Verlauf der Industrieproduktion in EU und Eurozone seit 2010

Hier weitere Detaildaten mit Bezug auf Dezember 2018, im Wortlaut von Eurostat:

Im Euroraum sank die Produktion von Investitionsgütern im Dezember 2019 gegenüber Dezember 2018 um 6,7%, von Vorleistungsgütern um 5,5%, von Energie um 2,3% und von Gebrauchsgütern um 1,4%, während die Produktion von Verbrauchsgütern um 1,3% zunahm.
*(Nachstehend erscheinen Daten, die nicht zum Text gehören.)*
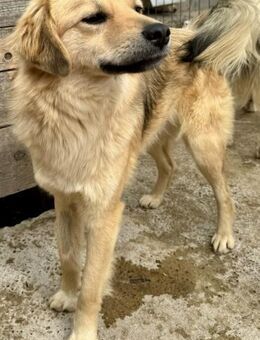 WOTAN - wunderschön und neugierig - Weilheim (Oberbayern)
In der EU27 sank die Produktion von Investitionsgütern um 0,6%, von Vorleistungsgütern um 4,9%, von Energie um 3,0% und von Gebrauchsgütern um 0,9%, während die Produktion von Verbrauchsgütern um 0,9% zunahm. Von den Mitgliedstaaten, für die Daten vorliegen, verzeichneten Estland (-9,9%), Rumänien (-8,9%) und Deutschland (-7,2%) die stärksten Rückgänge in der Industrieproduktion. Die größten Zuwächse wurden in Malta (+7,6%), Portugal (+3,9%) und Polen (+1,3%) registriert.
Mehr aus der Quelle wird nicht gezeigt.